C&C Reservoirs’ latest content release is now available in DAKS. This includes 77 Reservoir Evaluation Reports from across the globe.
Highlights include:
Blake (UK) – Two reservoirs, both in Lower Cretaceous turbidites, with development focused on the main, excellent-quality, stacked channel-sands reservoir, by six horizontal producers and two water injectors. The poorer-quality thin-sheetsands reservoir, though larger, is sparsely developed.
Buchan (UK) – Tight and fractured Devonian fluvial sandstone reservoir. Crestal water injection was largely unsuccessful, but water-cut was still <60% after 40 years’ production.
Chichimene (Columbia) – Two reservoirs, one in good-quality Eocene fluvial sands with recovery of the extra-heavy oil aided by water injection, EPSs and infill drilling. The other, minor reservoir consists of moderate-quality Upper Cretaceous deltaic/estuarine sands, producing heavy oil under aquifer drive.
Heletz (Israel) – Onstream since 1955, this faulted and layered coastal-sandstone, medium-gravity oil reservoir has been produced without pressure support and field life has been sustained by infill and step-out drilling.
Maari (New Zealand) – Offshore development of low-moderate quality, Miocene slope-fan turbidites using horizontal wells recompletions. IR methods include water injection and sidetrack infill drilling.
Vankor (Russia) – Multi-reservoir, supergiant oil & gas field, onstream since 2009, with production from layered, shallow-marine Lower Cretaceous reservoirs through multilateral wells light, aided by water injection and polymer conformance improvement measures.
Covenant (USA) – Lower Jurassic aeolian-dune sandstone reservoir with high N:G, but fault-compartmentalized, producing low-GOR oil under strong aquifer drive.

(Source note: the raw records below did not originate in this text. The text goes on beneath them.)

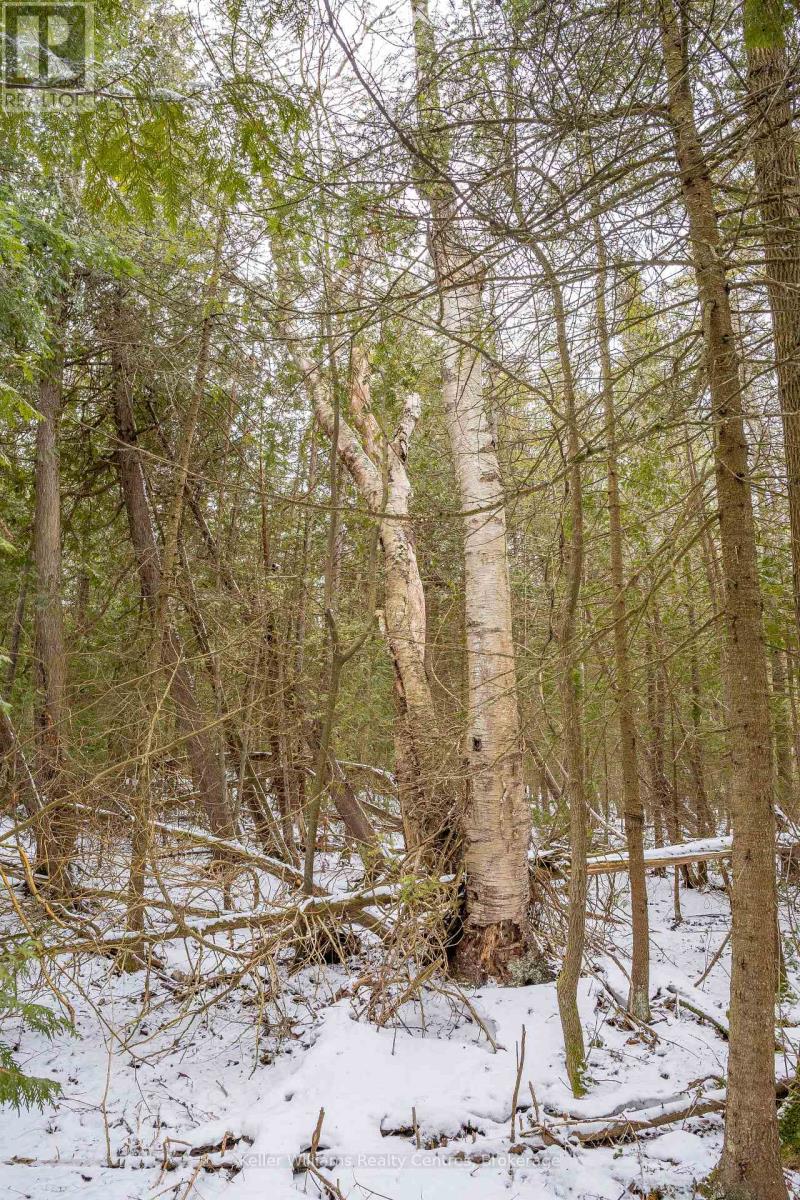 74 Lonely Island Drive, South Bruce Peninsula, Ontario  N0H 2T0 - Photo 18 - X12919974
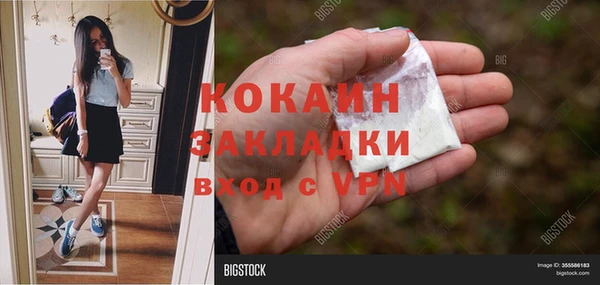 бошки Бронницы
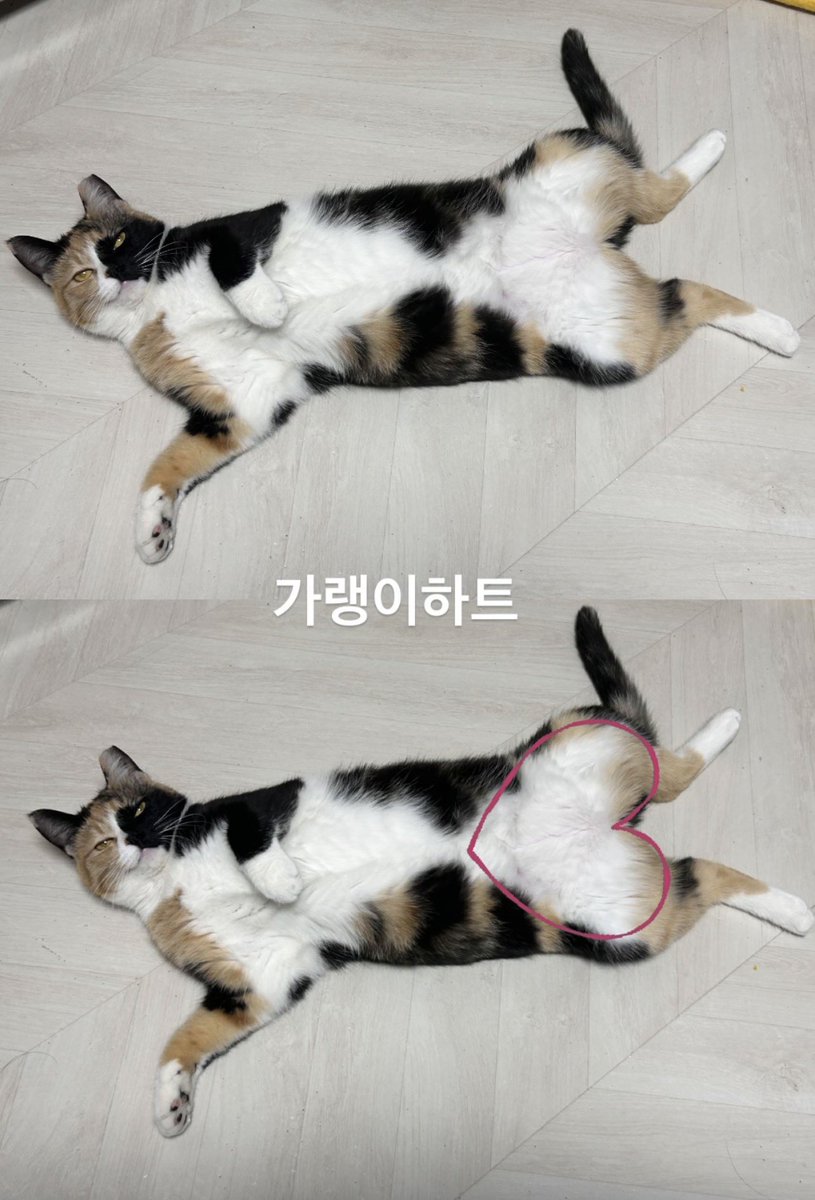 박쫑쫑 ₊˚ʚ 🎀 ₊˚✧゚. tweet media
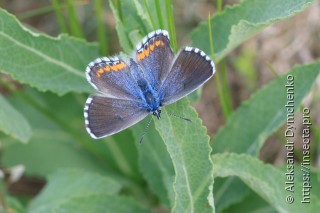 Pseudophilotes bavius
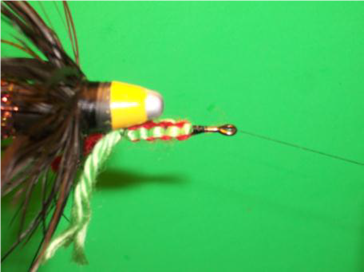 Wiley Coyote Fly -FOTW- Aug 1, 2011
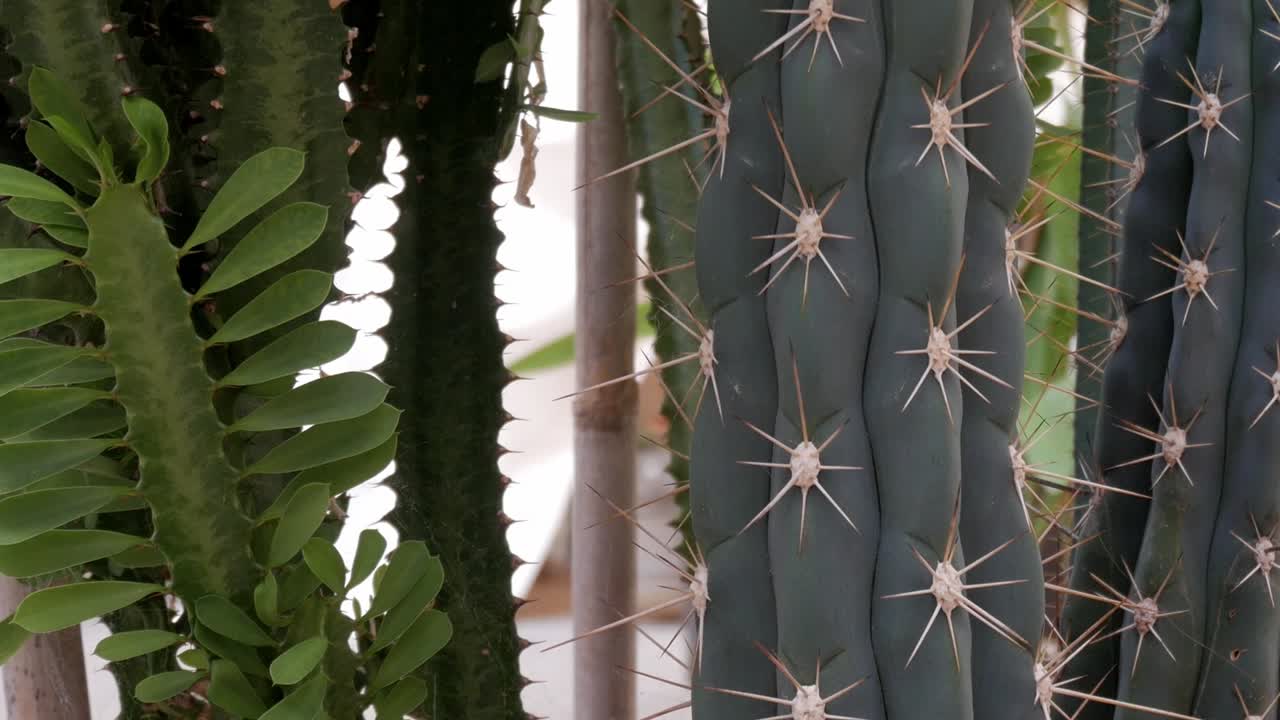 Bottom -up view of succulent plants. Close-up. Daylight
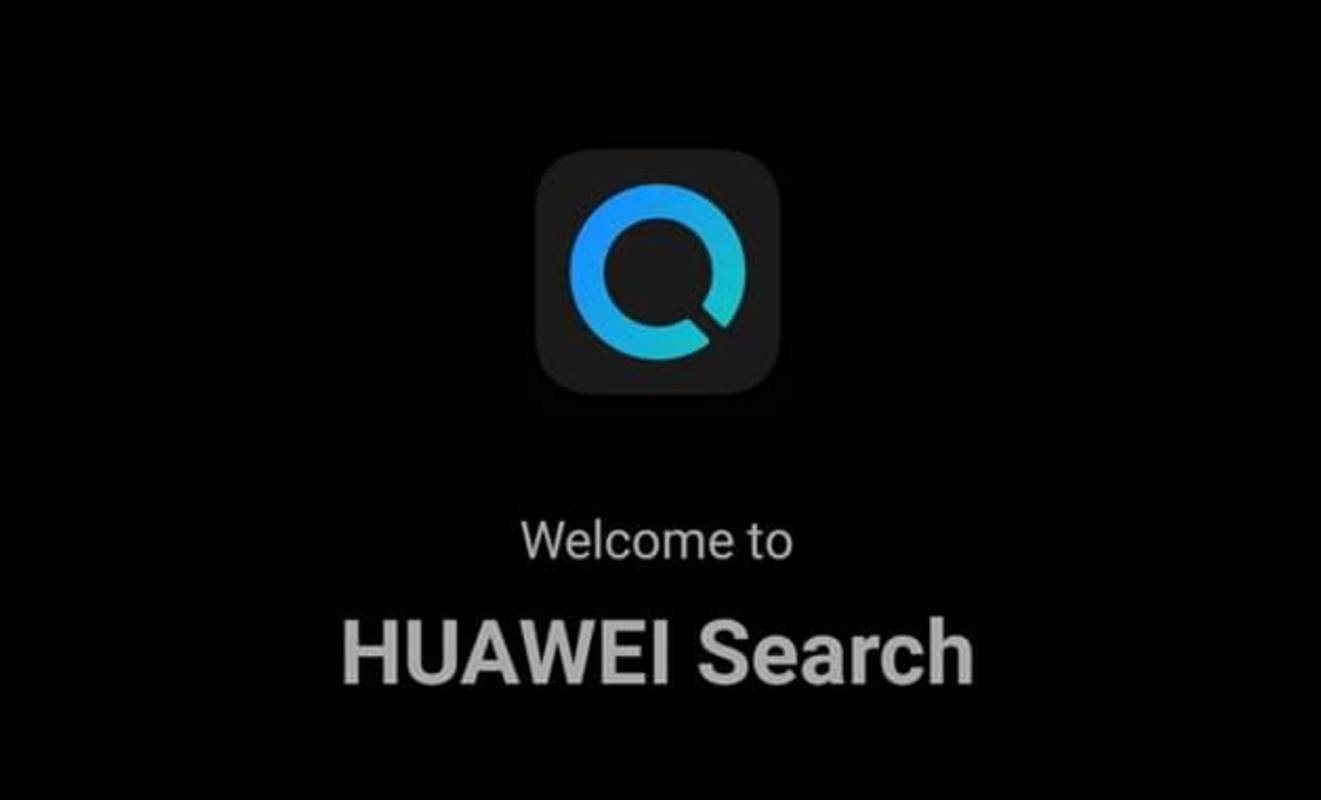 Huawei Search Screenshot 2 (1)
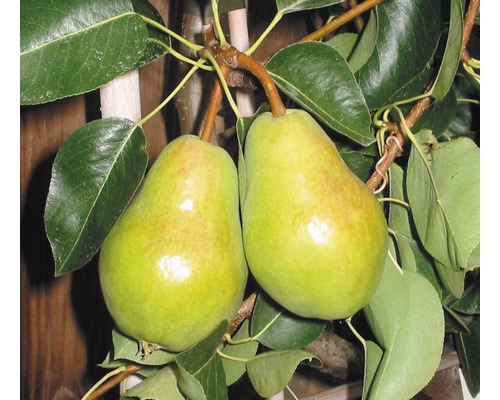 Hruška letná FloraSelf Pyrus communis 'Williamsova' výška kmeňa cca 60 cm, celková výška 120-150 cm kvetináč 7,5 l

Updated/rewritten reports:
All the reports included in this release were chosen for updating due to the publication of significant new engineering information, new production data, new reserve/resource information and/or revised geological models. This update includes a wide global spread of reports, including: 37 from North America, 18 from Asia-Pacific, 10 from the Middle East, 5 from Europe, 4 from Latin America, 3 from Russia and the Caspian Sea.